A CHAMPION AT REST

[Posted February 11, 2011] The news spread rapidly through Richmond on Wednesday; former Chief Justice Leroy R. Hassell had died overnight. The news was sad but hardly unforeseeable to those who had seen him in recent months, a once robust figure reduced to comparative frailty by the ravages of the disease that would eventually claim him this week.

Others have written about Justice Hassell’s legacy as a pioneering legal figure. He made news, and waves, with his mental-health proposals a few years ago. He was the Supreme Court’s second minority jurist, plucked straight from the private practice of law to sit on Virginia’s highest bench. On these matters, I will leave the words of others to inform you.

I choose instead to focus on two aspects of the former chief’s life and his character. Taking them chronologically, the first is his involuntary position as one of the first African-American students to integrate formerly all-white Norview High School, here in Tidewater, back in September 1970. (Brown v. Board of Education famously took its time in reaching the classrooms of Virginia.) I remember this time well, because on what was likely the very same day, I was part of the first crop of white students to walk into the halls of formerly all-black Crestwood Junior High School in Chesapeake, just ten miles due south of Norview.

Justice Hassell spoke little of that occasion, but I suspect that his experience was a bit different from mine. While my junior high school was fully integrated immediately, Norview, as I understand it, wasn’t; I have read that the first group of minority students there was very small, and constituted a tiny segment of the school’s population. That, I perceive, is a very different dynamic.

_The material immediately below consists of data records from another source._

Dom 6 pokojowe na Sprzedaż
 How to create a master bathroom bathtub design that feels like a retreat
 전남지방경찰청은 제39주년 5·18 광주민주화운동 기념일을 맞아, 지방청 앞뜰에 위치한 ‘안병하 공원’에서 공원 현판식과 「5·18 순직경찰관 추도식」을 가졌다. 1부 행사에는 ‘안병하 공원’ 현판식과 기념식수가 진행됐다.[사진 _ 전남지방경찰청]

My daughter’s generation, from what I’ve seen, regards racial prejudice as a sort of anachronistic curiosity; from what I’ve seen of her social choices, and those of her friends, race is essentially irrelevant to them. It wasn’t, forty years ago. What I infer that Leroy Hassell learned from that time was, I suspect, the same two lessons that I learned: First, there were certain people who decided what they thought about you by looking only at the color of your skin. And second, the rest of us were going to prevail, as long as we persevered.

Justice Hassell persevered. Four years after leaving Norview, he entered Harvard Law School, and from there he embarked on a career that would raise him rapidly to the pinnacle of his profession – a Supreme Court justice in his mid-30s. It was less important to him that he was a black justice than that he was a good justice.

The second aspect of this man I’ll mention here is his commitment to pro bono service. For the last eight years, every time I had a merits argument before the Supreme Court, I watched at the beginning of the day’s docket as newly-licensed lawyers were sworn in and admitted to the bar of the court. On each of those occasions, the Chief Justice gave a short welcoming speech to the new lawyers, fully half of which was an exhortation to provide pro bono services to indigent clients. It never varied; he always impressed upon each lawyer the need to provide this public service.

I have no idea how to measure how effective these urgings were, but I know that he was fully committed to improving the availability of pro bono services. In this light, I invite each of my readers who are attorneys to reflect on how much pro bono work you have provided over the last year, or the last ten. Keep in mind what pro bono work is not: It does not include work for one of your good corporate clients for which you simply decline to submit a bill, in the interest of generating goodwill and future business. It does not include representing your best corporate client’s CEO’s teenage son who got a speeding ticket, again for no fee. That kind of work is called marketing, and it doesn’t count against the 2% of your time per year that the Rules of Professional Conduct call for you to perform pro bono publico, “for the public good.”

Here’s how the RPCs define pro bono services: poverty law, civil rights law, public interest law, and volunteer activities designed to increase availability of pro bono legal services. That is the yardstick by which each of us must measure our contribution to the betterment of society, not merely to the expansion of our own wealth. RPC 6.1(c) provides one alternate method of satisfying your duties, in case (for example) you’re a corporate or tax lawyer and you don’t feel capable of handling a civil-rights lawsuit: You can provide “direct financial support of programs that provide direct delivery of legal services to meet the needs” of the above areas. If you’re in that situation, I encourage you to click on this link and make a donation. Jay Speer, Executive Director of the Virginia Poverty Law Center, will be very happy to have your help.

For the rest of us, please feel free to use the conventional method, and take on a case or three for clients who could never afford your services at the rack rate. If you have a law license, you’re expected to do this. And given how important was to the late Leroy Rountree Hassell, Sr., you will be honoring the legacy of a champion of this cause, now at rest.

* * *

Today I had the honor of visiting the rotunda of the State Capitol, where Justice Hassell’s remains lay in state, to pay my final respects. Since the General Assembly is in session, I suspect that he had a great deal of visitors who were much more exalted than I am. I hope you had an opportunity to see this highly moving scene – the coffin, draped with the flag of Virginia, attended solemnly by two Capitol Police officers at all times, lying immediately at the feet of the Houdon statute of George Washington. Justice Hassell’s memorial services will be held tomorrow morning in Richmond, and interment will be private.